#### [WORK ITEM]
All lines in the records below from the line with "Regenton, kunststof vaten, wijnvaten, regen" through the line with "Frau in Jordanien" are to be given again exactly, both ends included; the pictures are to be left out.

#### [EXERCISE INPUTS]

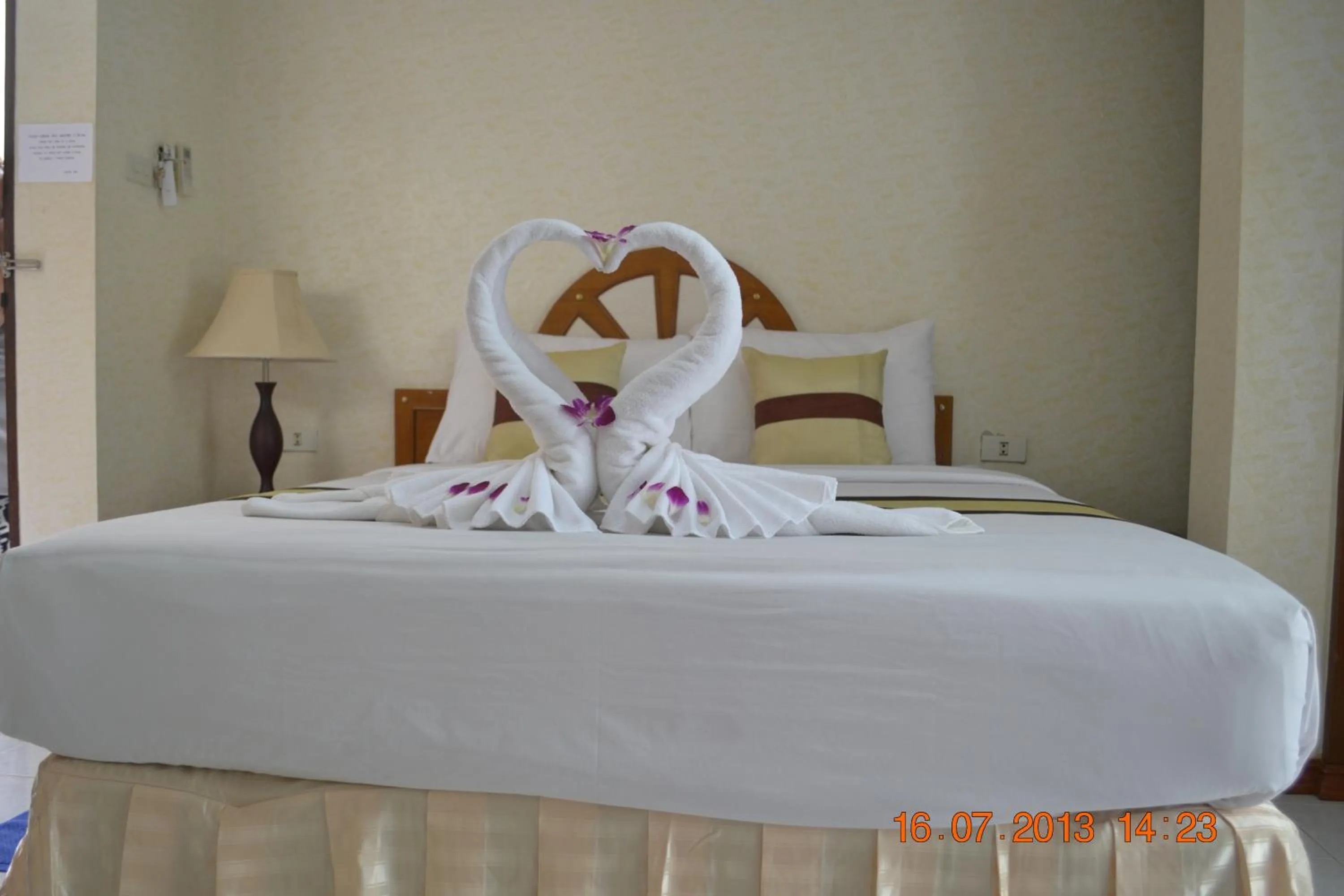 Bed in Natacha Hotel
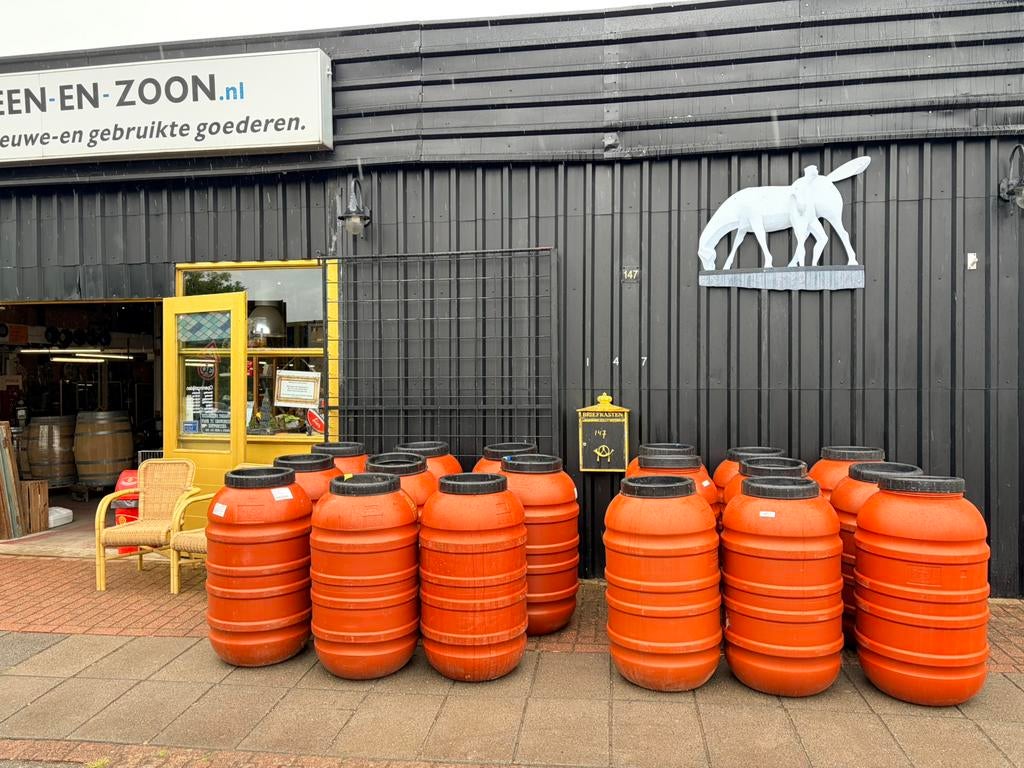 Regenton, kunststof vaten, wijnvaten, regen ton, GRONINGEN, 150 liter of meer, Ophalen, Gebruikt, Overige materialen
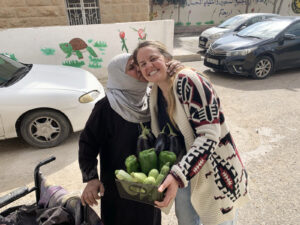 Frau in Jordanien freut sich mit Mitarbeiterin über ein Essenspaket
...
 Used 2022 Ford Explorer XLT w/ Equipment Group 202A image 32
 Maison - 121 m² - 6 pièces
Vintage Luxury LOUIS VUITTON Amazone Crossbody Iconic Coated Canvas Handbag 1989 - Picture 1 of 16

#### [SOLUTION]
 Regenton, kunststof vaten, wijnvaten, regen ton, GRONINGEN, 150 liter of meer, Ophalen, Gebruikt, Overige materialen
 Frau in Jordanien freut sich mit Mitarbeiterin über ein Essenspaket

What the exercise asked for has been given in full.